Neste sentido, desde o início do projeto houve uma preocupação em desenvolver unidades integradas de trabaçho, para favorecer as propostas de ensino e de aprendizagem. Para isso, decidiu-se pelo envolvimento de professores de diversas licenciaturas, com a participação de estagiários das Práticas e Ebsino e da disciplina de Métodos e Técnicas de Pesquisa Educacional (esta, especialmente, subsidiando as pesquisas desenvolvidas pelo grupo, buscando-se uma avaliação constante do projeto).

Numa perspectiva de planejamento aberto, as unidades trabalhadas emergiram das necessidades e interesses da clientela, bem como de fatos atuais que ocorrem no Brasil e no mundo, como por exemplo: as Eleições, a Constituição, as Olimpíadas, a Abolição, o Plano cruzado", o Saneamento, a Cidade de Curitiba - entre outros temas. Essas unidades foram trabalhadas em clima de alta motivação por meio de procedimentos metodológicos baseados no diálogo e compreendendo passeios, visitas, idas ao teatro, filmes (em vídeo), de modo que a clientela pudesse vivenciar descobertas e observações, assim como desenvolver análises e críticas das situações de sua realidade ambiente.

A seguir é apresentada uma amostra de como, normalmente, é desenvolvida uma unidade de trabalho. A Fig. 01 refere-se a uma atividade realizada no primeiro semestre de 1989, num período de dez dias. Participaram do trabalho professores e estagiários das licenciaturas de Ciências, Educação Artística, Educação Física, Geografia, Matemática e Pedagogia.

A unidade denominou-se "A Relação do Homem com o seu Espaço". A escolha do tema teve como base trabalhos anteriores, nos quais se verificaram dificuldades de elaboração cognitiva por parte da clientela em relação à percepção do espaço - carecendo das noções de lateralidade, de extensão, de localização e apresentando deficiências na distinção de formas, entre outros aspectos.

FIG. 01 - Organograma da unidade trabalhada.

VER PÁGINA 9.

A área de Educação Física iniciou o desenvolvimento da unidade, encaminhando atividades relacionadas com o reconhecimento de formas geométricas no espaço em que as participantes do grupo vivem.
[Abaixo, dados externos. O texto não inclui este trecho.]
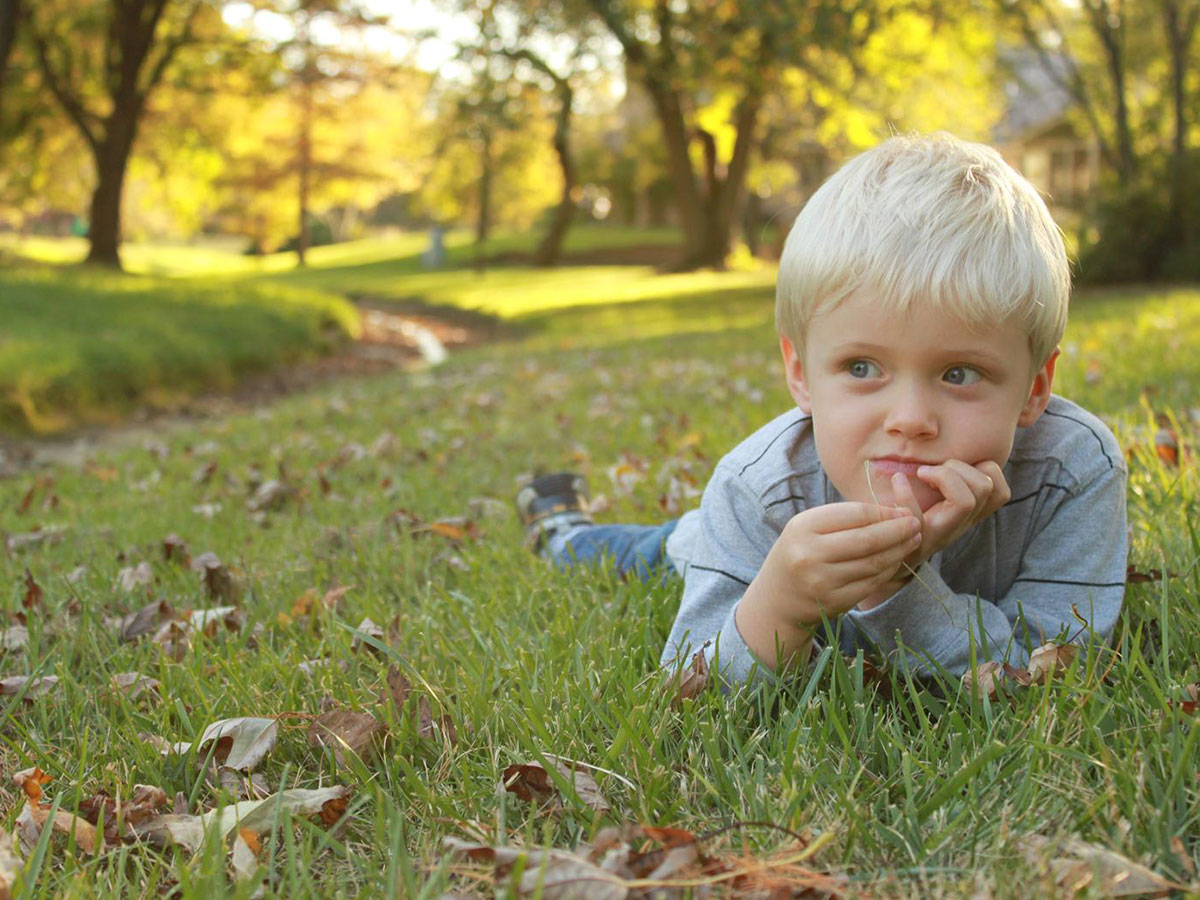 Child laying in grass.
Foram vivenciados alguns passos para melhorar compreensão dos objetos a serem atingidos. Na sala de aula onde se desenvolveu o trabalho com as alfabetizandas havia, entre outros objetos, alguns arcos. Com eles, as alunas foram convidadas a participar de várias atividades, em forma de brincadeiras. Os arcos foram colocados no chão e elas pularam dentro (interior), pularam fora (exterior), passaram o arco ao redor de seu corpo, tentaram bambolear. Seguindo a orientação das estagiárias, as alfabetizandas fizeram uma roda, com o objetivo de se construir uma circunferência, a qual possibilitou-lhes perceberem a idéia de círculo, ou seja, o espaço delimitado pela roda. Esta tarefa foi cumprida com muito entusiasmo por parte delas, pois a Educação Física representou um momento de descontração no qual o domínio cognitivo foi trabalhado em integração com o psicomotor por meio do movimento, sendo o conteúdo informativo desenvolvido de modo emergente e experiencial.
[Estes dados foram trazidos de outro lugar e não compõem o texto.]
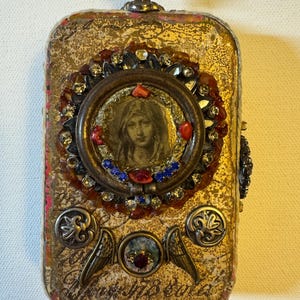 Puede incluir: Caja rectangular ornamentada con superficie dorada texturizada. Un marco circular central presenta un retrato, rodeado de joyas rojas, azules y transparentes. Adornos adicionales incluyen alas, detalles metálicos decorativos y un pequeño asa en la parte superior.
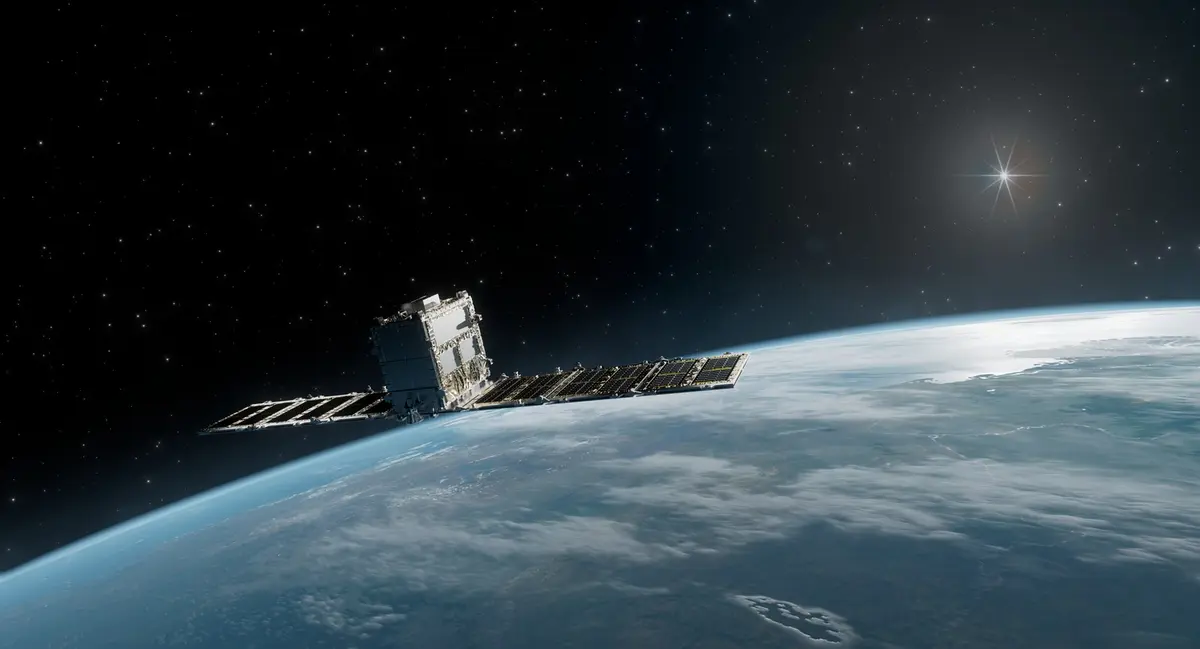 A Synspective StriX radar satellite in orbit above the curved limb of the Earth, its solar arrays deployed and a bright star burning behind it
Num segundo momento, as estagiárias ofereceram algumas bolas às alfabetizandas e, através de um diálogo explicativo foi sugerido que elas tateassem, observassem, descrvessem, jogassem e brincassem. Foram minutos de alegria que se seguiram pela descrição da bola, a qual consideraram redonda e cheia de ar. Assim, chegaram à conclusão. o de que a bola tem uma região de dentro (interior), e de fora (exterior), representando a esfera.

Após serem interrogadas se gostariam de desenhar, as açfabetizandas receberam das estagiárias a sugestão de que começassem por uma laranja, sem, contudo, precisar pintá-la. Algumas contestaram, achando que não seriam capazes. A tarefa foi iniciada após alguma relutância, pos as alfabetizandas estavam se julgando incapazes de desenhar a forma solicitada. Depois de muito estímulo, concluíram a tarefa comentando: "tem laranja de todos os tamanhos, umas grandes outras pequenas". Como seqüência, foi-lhes solicitado que recortassem a figura no papel, e questionou-se a forma geométrica do desenho recortado. A resposta unânime foi a de que "era redonda".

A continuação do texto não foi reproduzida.